If you want to find out what kind of traffic is being blocked, you can use tcpdump to see all the traffic, including what is being blocked.

Without knowing what is being blocked, I think it is likely the DNS traffic is blocked. DNS traffic can either use TCP or UDP. In the future, this will happen even more with HTTP3, that also uses UDP. Curl does not use HTTP3 yet by default, so that would not explain the difference you're seeing however.

3
  • Unfortunately, what was being blocked was a udp response on an arbitrary port. I'm pretty green with iptables, and I didn't realize that traffic to a udp port could be considered RELATED to an established tcp connection. I was using curl google.com as a test, and it seems like a lot of these interweb services will use the tcp connection for metadata, but send the requested data back on an arbitrary udp port (35k in my case). The short version is that -A INPUT -m state --state RELATED,ESTABLISHED -j ACCEPT was the winner of the chicken dinner.
    – FIREBAAT
    Sep 16, 2022 at 13:06
  • @A.B I don't know much about tcpdump. I just set up a rule to log blocked packets and rolled from there. You got a good resource for tcpdump?
    – FIREBAAT
    Sep 21, 2022 at 23:11
  • opensource.com/article/18/10/introduction-tcpdump is a good article on the basics I think.
    – Gijs
    Sep 23, 2022 at 7:05
0

udp packets can be RELATED,ESTABLISHED! I replaced the first line with the second line, and I can get images from dockerhub, get a response from curl, and apt update!

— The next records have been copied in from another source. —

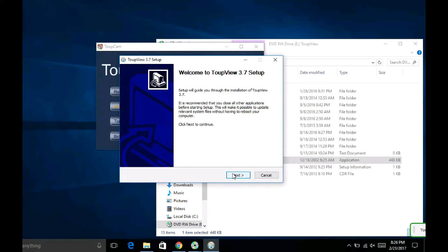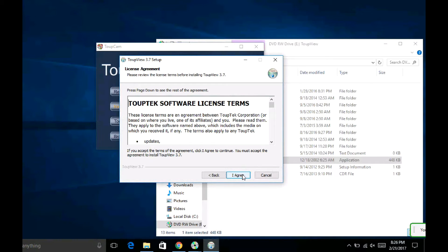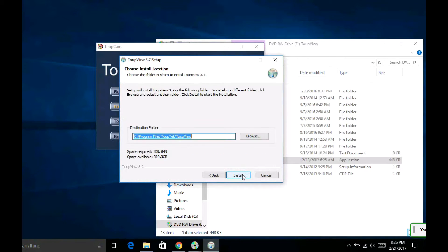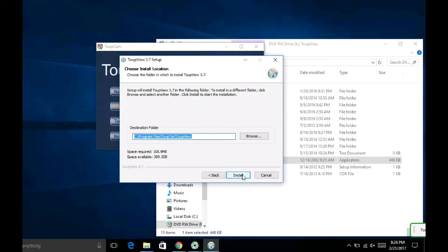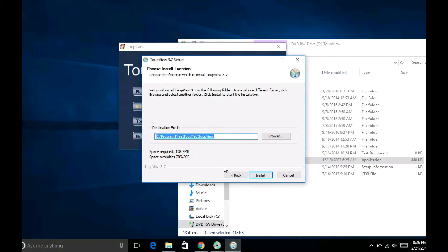Read the agreement, this is the software license terms. After that click agree, choose your destination folder, and it will use 108 megabytes of room on your hard drive.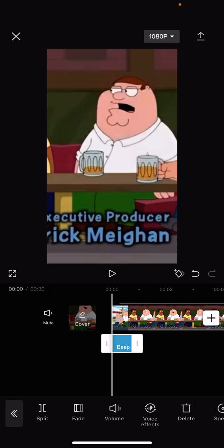I can split it, fade it in or out, adjust the volume, and add voice effects, etc. If you found this video helpful, then make sure to like the video and subscribe to the channel.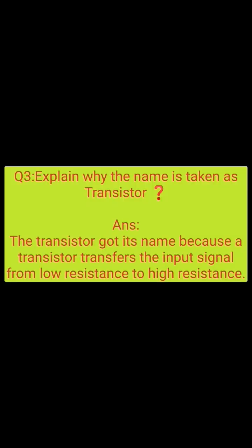Explain why the name is taken as transistor. The transistor got its name because a transistor transfers the input signal from low resistance to high resistance.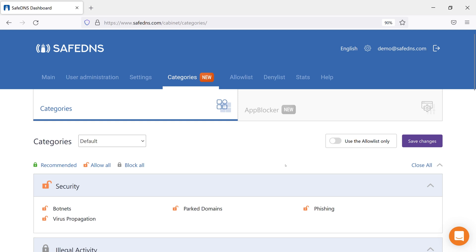Hello everyone! Today I'm going to tell you about the Categories and AppBlocker features. Categories are large groups of domains that can be blocked with a single click.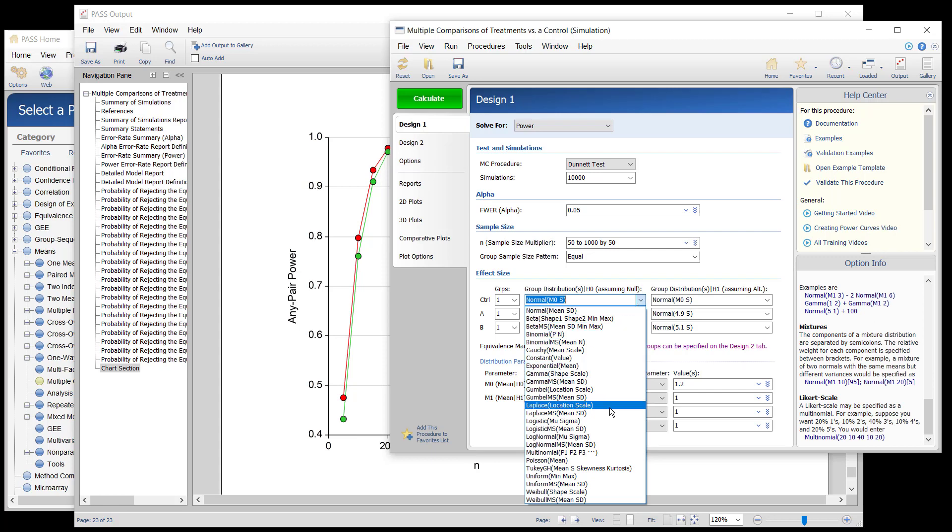We have found the 2Key GH distribution to be a very useful distribution for simulations in that it transforms a normal distribution to a desired skewness and elongation. Many other distributions are also available.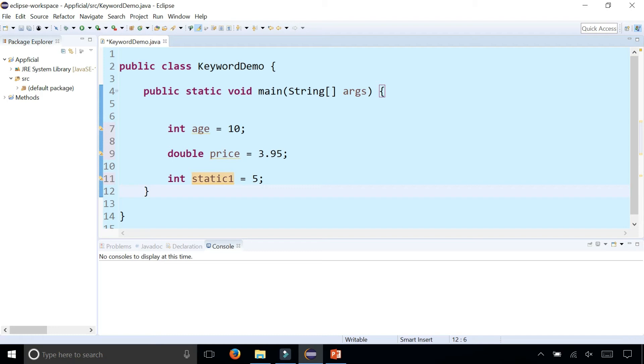Int stands for integer. Double stands for floating point numbers. And these are two of the eight basic primitive data types. We're going to learn a lot of other keywords in future videos. So please subscribe.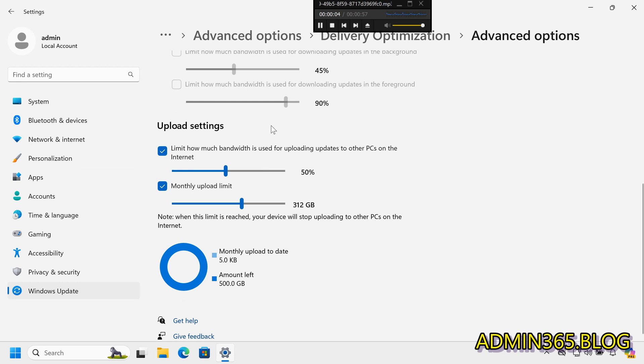By following these steps, you can effectively manage Windows Update bandwidth settings.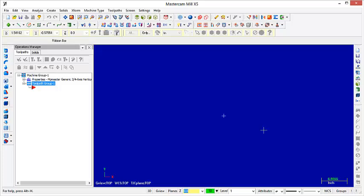Hello everybody, I'm going to show you guys how to do Peck Drilling Operations in Mastercam.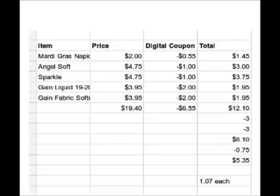I do apologize about being in a rush. But anyway, here's our scenario: get the Mardi Gras napkins that are two dollars, Angel Soft toilet paper at $4.75, Sparkle paper towels at $4.75, the Gain liquid — the one that's on sale for $3.95, it will be 40 ounce — and then the Gain fabric softener, the one that's on sale for $3.95. You could also switch the Gain fabric softener out for the Gain dryer sheets that are 105 count. All of these items are going to get our total to $19.40. We have six dollars and 55 cents worth of printable coupons. We're going to use a three-off-fifteen survey coupon. We're going to save three dollars instantly at the register. So you'll pay six-ten out of pocket. Redeem 75 cents from Ibotta.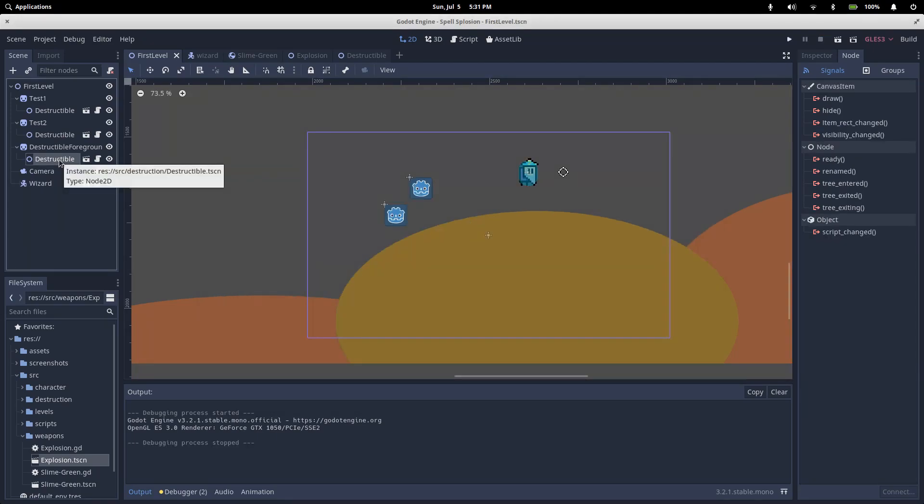By the end of this series you'll have the destructible node that you can put onto any sprite to make it susceptible to a wizard's exploding slimes. This will hopefully be self-contained enough that you can drop it into any project that you're currently working on.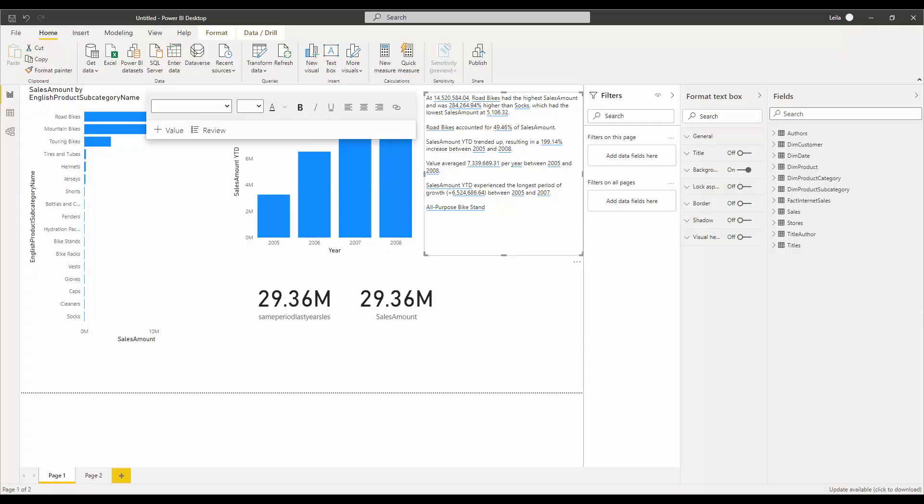Hello everyone, in this video I'm going to talk about a Smart Narrative visual. This is a visual that helps you to summarize your report and actually provide an overview of what is happening in a report. When you have lots of different analysis and you want to highlight the most important things happening there.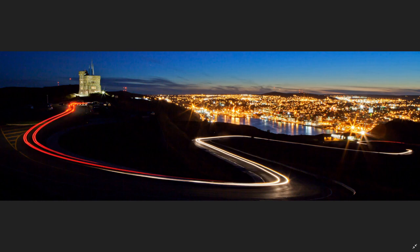It took me two evenings to get it. As usual I had to test my exposures, but the biggest challenge was getting one car and some clean light trails. Many times when a car was on its way up the hill another would appear in the frame and I'd have to start over. It was early in the week so the traffic was light, and on the second evening I got what I wanted.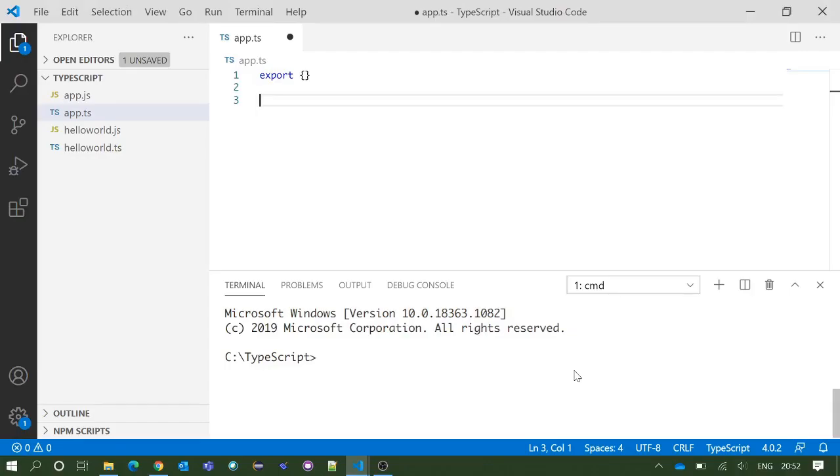Hello everyone, this is YouTube Buddy. In this video we are going to discuss functions in TypeScript. First we will write some code.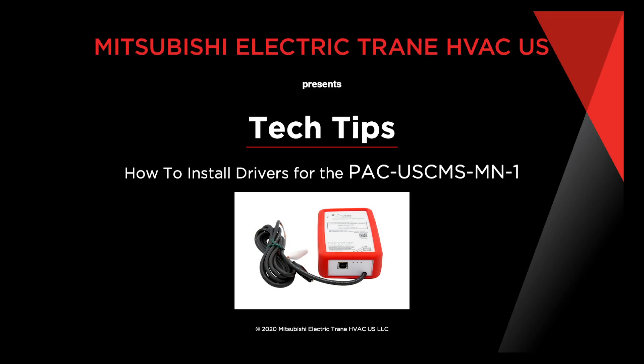Welcome to Installing Drivers for the PAC-USCMS-MN-1. The PAC-USCMS-MN-1 is our new MNET Converter.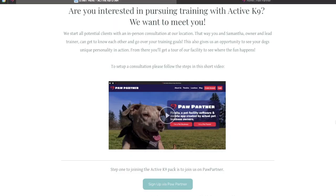Hello Potential New Pack member, this is Samantha, your future dog trainer. I'm here to walk you through the consultation request process.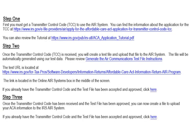First, you must get a transmitter control code to use the AIR system. You can find the information about the application for the TCC on the IRS AIR system website. You can also review the tutorial for the application process as well.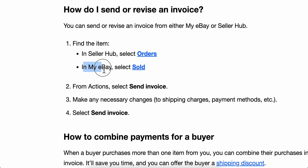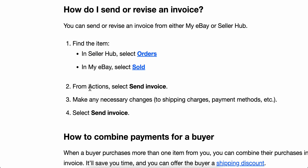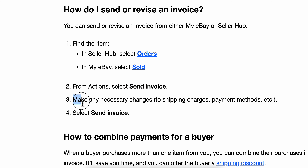In My eBay, select Sold. From Actions, select Send Invoice. Then simply make any necessary changes and select Send Invoice. And that's all you have to do in order to send an invoice on eBay. I hope you found this video helpful, thanks for watching.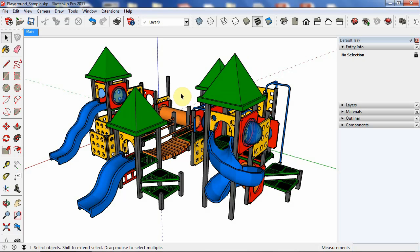Here I have a Playground model open, and it happens to be in SketchUp Pro 2017. But the plugin will work in Pro or Make, and it works in both 2016 and 2017.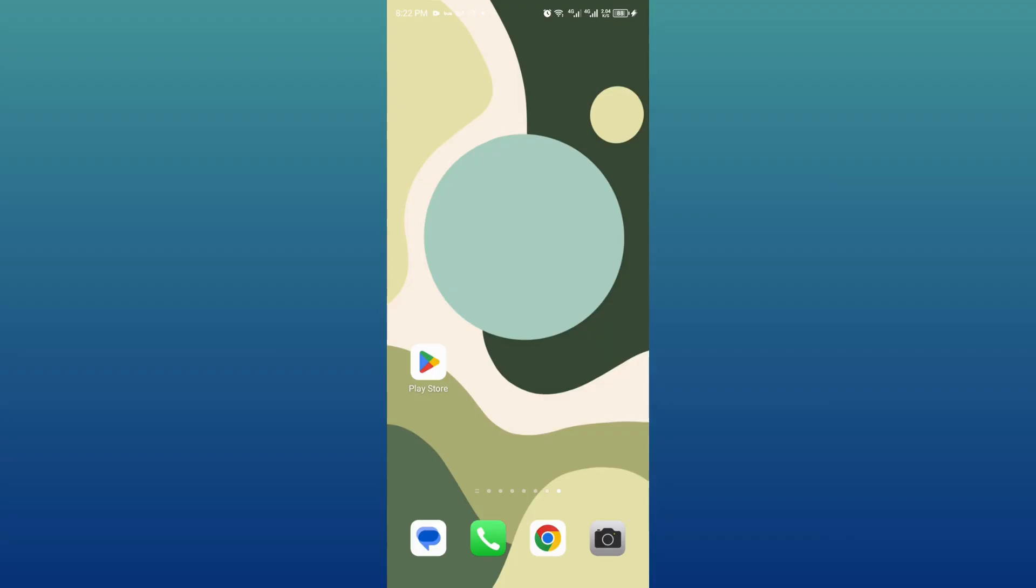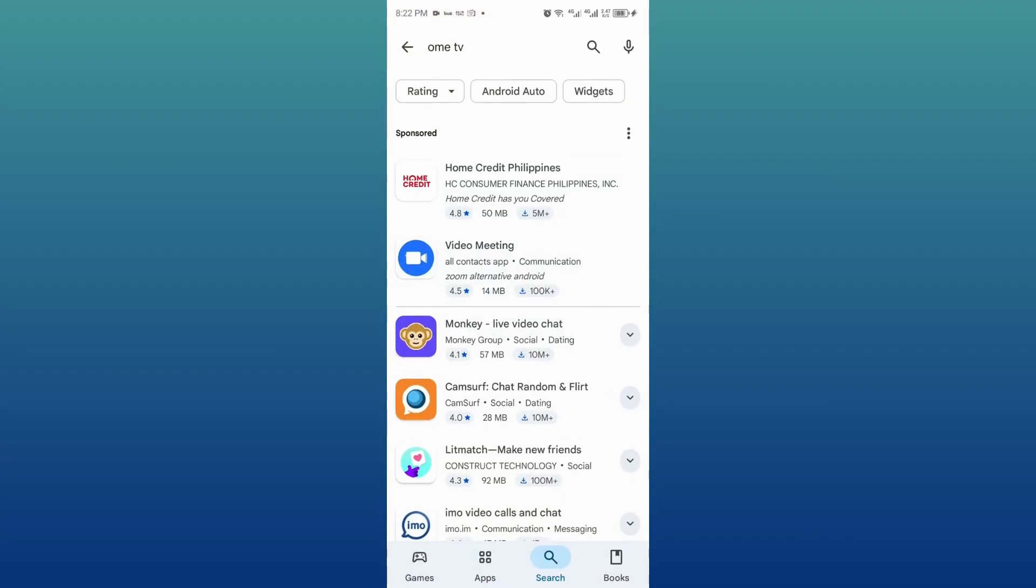First, open up the Google Play Store on your phone, tap on the search bar at the top, and type Omi TV, and then tap search.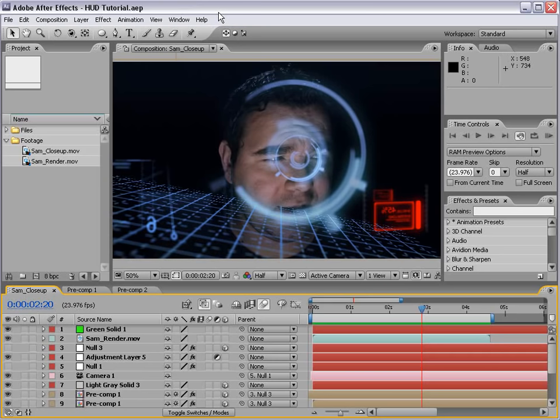Hey, what's up? Andrew Kramer here for VideoCopilot.net, and welcome to another very exciting After Effects tutorial. We're going to be taking a look at creating a cool heads-up display. This is definitely inspired by Iron Man and the work by The Orphanage. Definitely check out the DVD — they have a special feature on there, and it's definitely inspiring. Go pick that up, and maybe I won't get sued.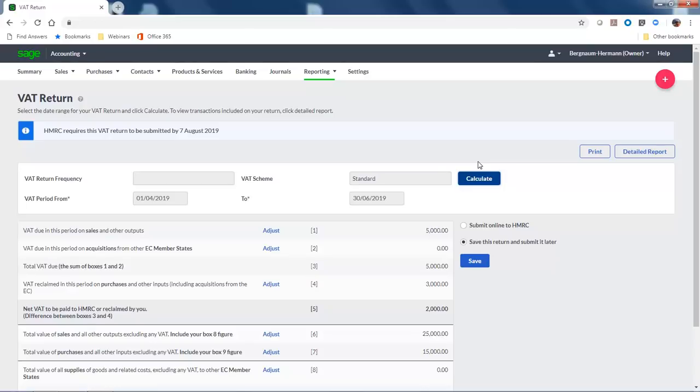Once you're happy with the values on the VAT return, and that they are correct, and you're ready to submit the return to HMRC, you select Submit Online to HMRC.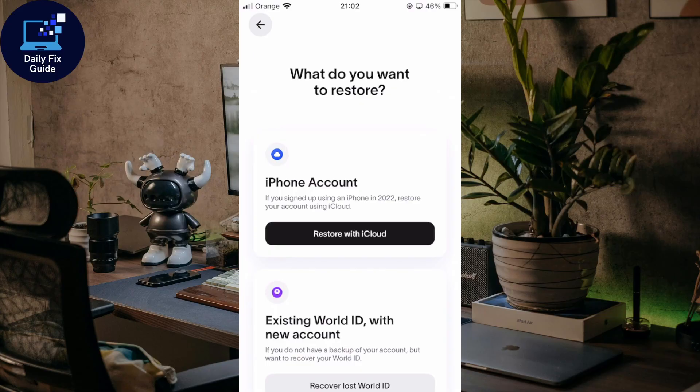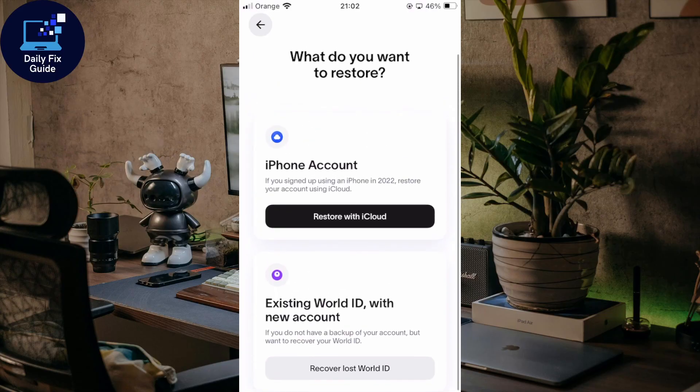If your Word App account is restricted, start by checking your ID verification, follow the in-app instructions, and contact support if needed. There's no shortcut — fixing your info and being patient is the only real solution. And if you cannot access support through the app because your account is restricted and you can't access anything, you can always try another way.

-A INPUT -p tcp -m state --state RELATED,ESTABLISHED -j ACCEPT
-A INPUT -m state --state RELATED,ESTABLISHED -j ACCEPT
3
  • @A.B I thought what qualified packets/connections as RELATED was that the socket was opened by the same process (or some child process thereof) that opened the original port?
    – FIREBAAT
    Sep 21, 2022 at 23:08
  • RELATED: The packet is starting a new connection, but is associated with an existing connection, such as an FTP data transfer or an ICMP error. I must not be understanding something; because, that sounds a lot like the UDP guys I get after I run a curl.
    – FIREBAAT
    Sep 21, 2022 at 23:16
  • I wanted to be helpful but I realize I just added confusion. i'm removing my comments.
    – A.B
    Sep 21, 2022 at 23:18

You must log in to answer this question.

Not the answer you're looking for? Browse other questions tagged .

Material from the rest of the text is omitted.